I am creating a binary classifier based on the MNIST dataset using PyTorch. I want my classifier to classify between only 0s and 1s, however, when I train it, the error doesn't decrease and the loss becomes negative. Here's the error and loss at the first few iterations:
Train Err | Train Loss | Test Err | Test Loss |
---|---|---|---|
0.098717 | -138227.790601 | 0.098000 | -283448.859219 |
0.098717 | -415023.714219 | 0.098000 | -566828.664687 |
0.098717 | -691819.936146 | 0.098000 | -850208.527500 |
0.098717 | -968615.941562 | 0.098000 | -1133588.344375 |
0.098717 | -1245411.727292 | 0.098000 | -1416968.306900 |
0.098717 | -1522207.517708 | 0.098000 | -1700348.221250 |
I was obviously expecting better results.
Here is the code I am using:
# Loading the MNIST data reduced to the 0/1 examples
from torchvision import datasets, transforms
from torch.utils.data import DataLoader
mnist_train = datasets.MNIST("./data", train=True, download=True, transform=transforms.ToTensor())
mnist_test = datasets.MNIST("./data", train=False, download=True, transform=transforms.ToTensor())
train_idx = mnist_train.train_labels <= 1
try:
mnist_train.train_data = mnist_train.train_data[train_idx]
except AttributeError:
mnist_train._train_data = mnist_train.train_data[train_idx]
try:
mnist_train.train_labels = mnist_train.train_labels[train_idx]
except AttributeError:
mnist_train._train_labels = mnist_train.train_labels[train_idx]

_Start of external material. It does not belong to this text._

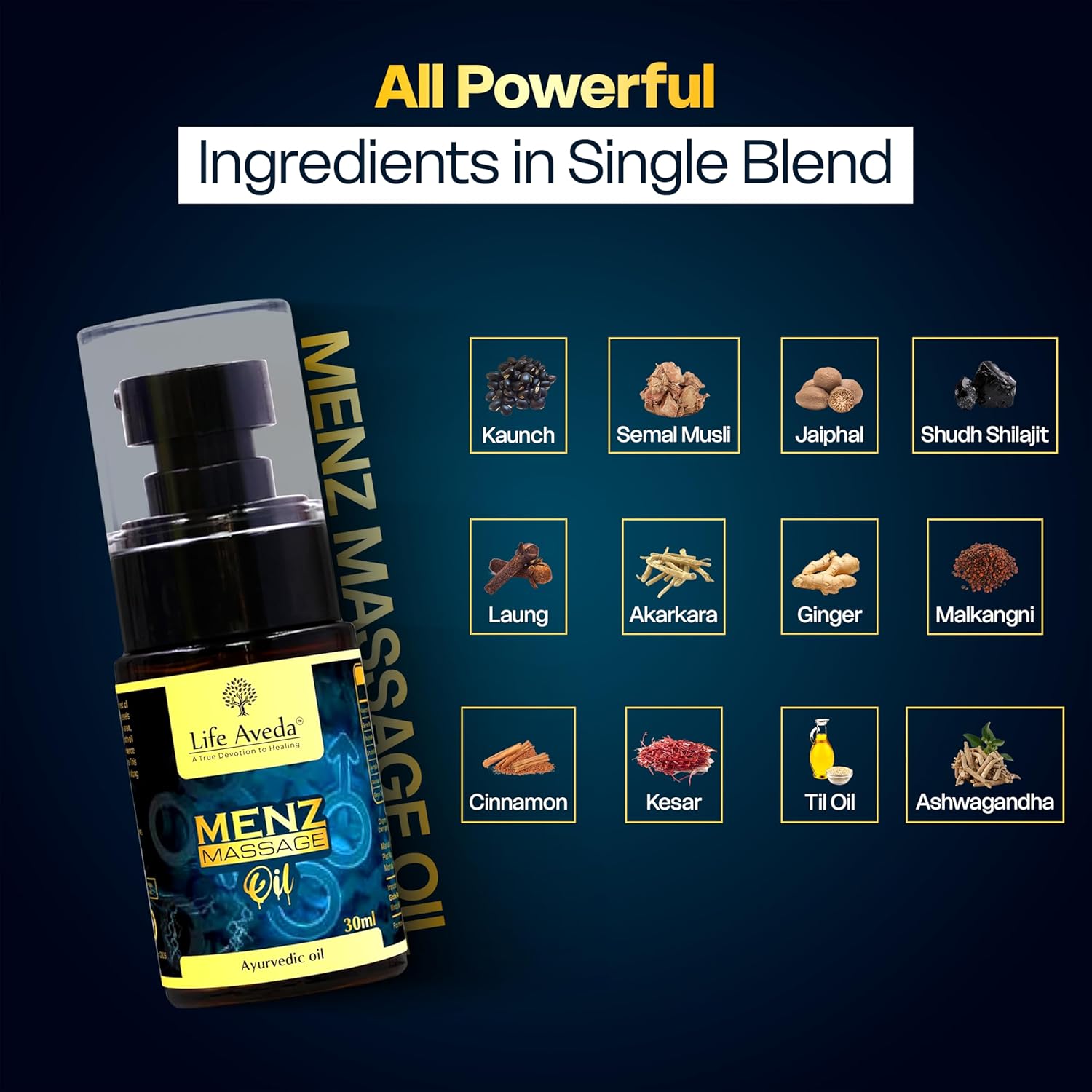 Life Aveda Men'z Massage Oil (30ml) - लिंG को मोटा और लंबा करने का तेल / दवाई- Help to Get you Nunu/लिंG/Ozar* for better Strength and Energy | Pure, Organic and Skin Friendly Oil with Natural Ingredients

test_idx = mnist_test.test_labels <= 1
try:
mnist_test.test_data = mnist_test.test_data[test_idx]
except AttributeError:
mnist_test._test_data = mnist_test.test_data[test_idx]
try:
mnist_test.test_labels = mnist_test.test_labels[test_idx]
except AttributeError:
mnist_test._test_labels = mnist_test.test_labels[test_idx]
train_loader = DataLoader(mnist_train, batch_size = 100, shuffle=True)

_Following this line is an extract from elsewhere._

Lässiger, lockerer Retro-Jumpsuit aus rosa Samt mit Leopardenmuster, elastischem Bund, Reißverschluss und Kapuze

test_loader = DataLoader(mnist_test, batch_size = 100, shuffle=False)
# Creating a simple linear classifier
import torch
import torch.nn as nn
import torch.optim as optim
# do a single pass over the data
def epoch(loader, model, opt=None):
total_loss, total_err = 0.,0.
for X,y in loader:
yp = model(X.view(X.shape[0], -1))[:,0]
loss = nn.BCEWithLogitsLoss()(yp, y.float())
if opt:
opt.zero_grad()
loss.backward()
opt.step()
total_err += ((yp > 0) * (y==0) + (yp < 0) * (y==1)).sum().item()
total_loss += loss.item() * X.shape[0]
return total_err / len(loader.dataset), total_loss / len(loader.dataset)
model = nn.Linear(784, 1)
opt = optim.SGD(model.parameters(), lr=1)
print("Train Err", "Train Loss", "Test Err", "Test Loss", sep="\t")
for i in range(10):
train_err, train_loss = epoch(train_loader, model, opt)
test_err, test_loss = epoch(test_loader, model)
print(*("{:.6f}".format(i) for i in (train_err, train_loss, test_err, test_loss)), sep="\t")
I don't know why my error does not decrease nor why my loss keeps getting more negative. Does anyone spot the error?
I found the error. My initial code to select only 1s and 0s from the MNIST dataset didn't work. So obviously, applying BCELoss to a non-binary dataset was making the model fail.